Dr. Richard Paulus and his legal team cross Greenup Avenue to the Carl Perkins Federal Building Thursday for Paulus’ arraignment.

Dr. Richard Paulus and his legal team cross Greenup Avenue to the Carl Perkins Federal Building Thursday for Paulus’ arraignment.

A leading cardiologist in the area has pleaded not guilty to 27 federal counts in U.S. District Court, Eastern District of Kentucky resulting from his work at an Ashland hospital.

Dr.
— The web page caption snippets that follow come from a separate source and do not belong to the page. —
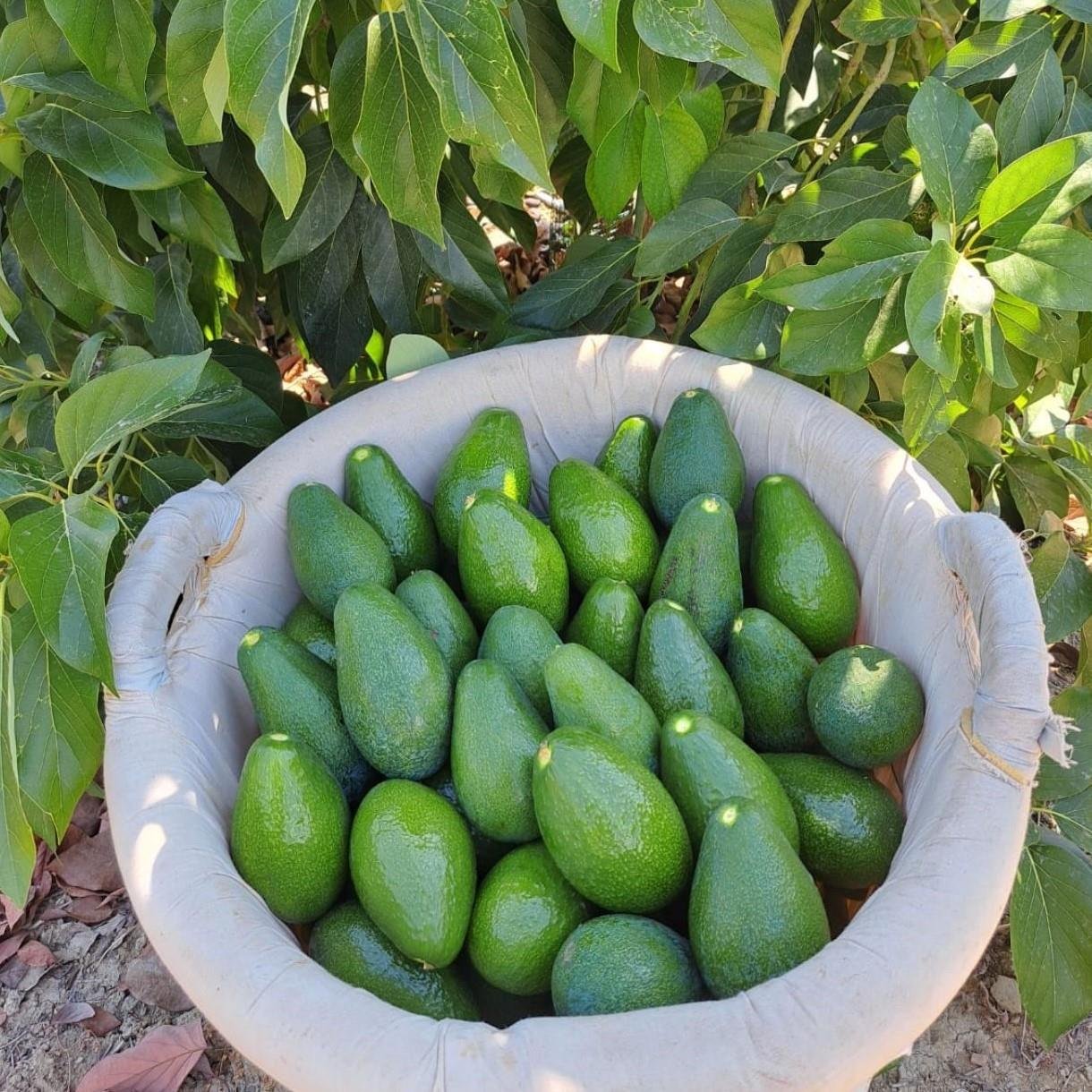 Fuerte Avokado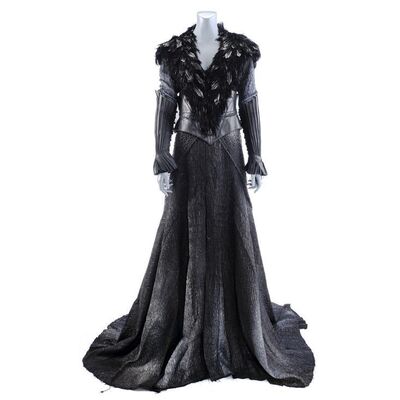 Lot # 804: Hansel & Gretel: Witch Hunters (2013) - Muriel's Hero Costume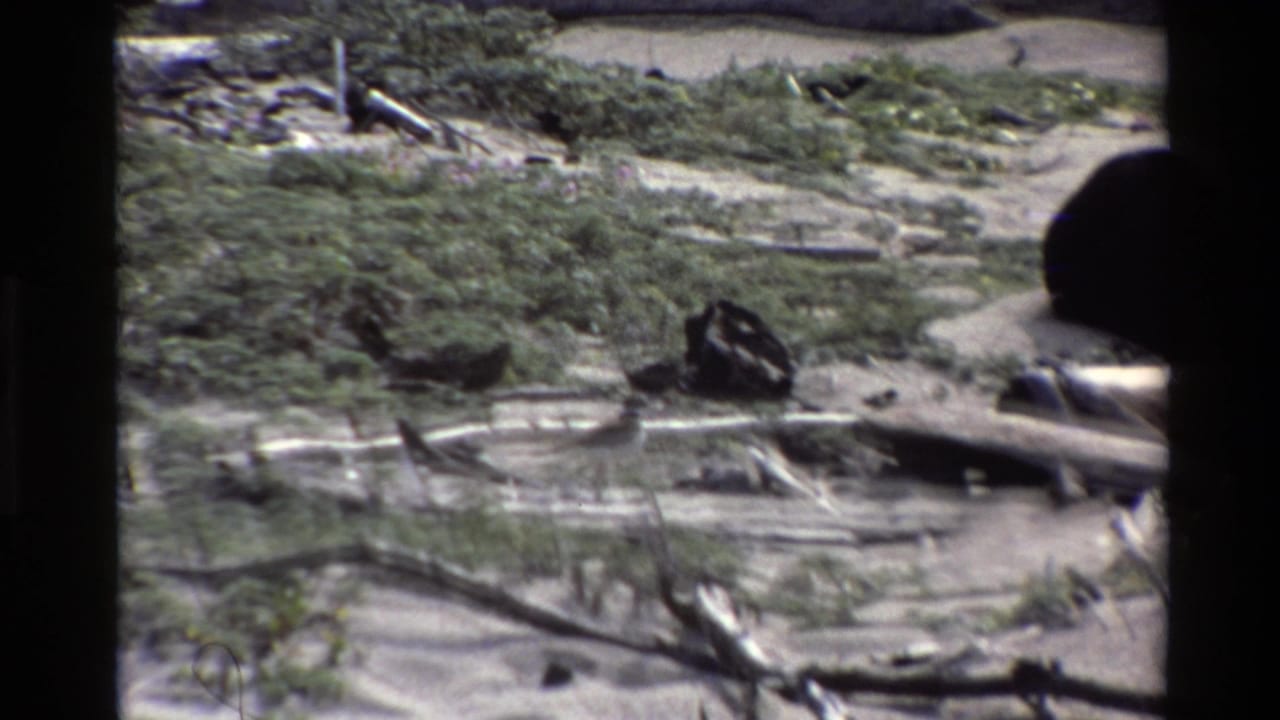 A bird forages on sandy ground near driftwood and low shrubs in Big Sur, California, from 1980 8mm home-movie footage.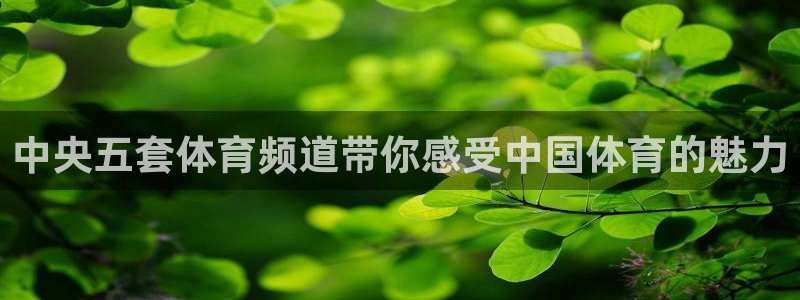 f1直播 劲爆体育：中央五套体育频道带你感受中国体育的魅力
Richard Paulus, 68, made the plea on Thursday morning to one count of health care fraud and 26 counts of willfully and knowingly making false statements.

“From on or about an exact date unknown but at least July 24, 2008, through on or about July 31, 2013, Paulus did devise and intend to devise a scheme and artifice to defraud and obtain money from federal health care benefit programs by means of false and fraudulent pretenses, representations and promises,” the indictment states.

Paulus was indicted on Sept. 3 by a Lexington grand jury following his seven-year career with King’s Daughters Medical Center.

“From 2006 to 2012 Medicare paid KDMC in excess of $30,000,000 for in-patient cardiac stent placement performed by Paulus,” the indictment states. “The (Kentucky Board of Medical Licensure) received an anonymous grievance alleging fraud, abuse and negligence by Paulus. “The KBML reviewed the patient medical file referenced in the anonymous complaint, as well as 14 additional patient medical files of Paulus.

“Based upon this review the KBML concluded that Paulus had engaged in conduct ‘which departed from or failed to conform to the standards of acceptable and prevailing medical practice within the Commonwealth of Kentucky’ in regard to all 15 charts reviewed.”

The medical board said what it called “ the prevailing scenario” was patients with chest pain and few risk factors for heart disease would immediately undergo a coronary angiography.

“A number of these cases had trivial-to-mild coronary artery disease, but by report would be said to have severe disease,” the indictment states.

From 2009 to 2011 Paulus received more than $2.5 million annually from KDMC; in 2012 he received $1.7 million and in 2013 it was almost $700,000.

In 2014 Paulus entered into an agreed order of retirement with the medical board and kept his medical license. He agreed to retired indefinitely.

Paulus faces not more than 10 years in prison, $250,000 fine and three years supervised release on the first count. If there was serious bodily injury the sentence would be not more than 20 years in prison.

On the other 26 counts the sentence would be not more than 5 years imprisonment; $250,000 fine; and three years supervised release.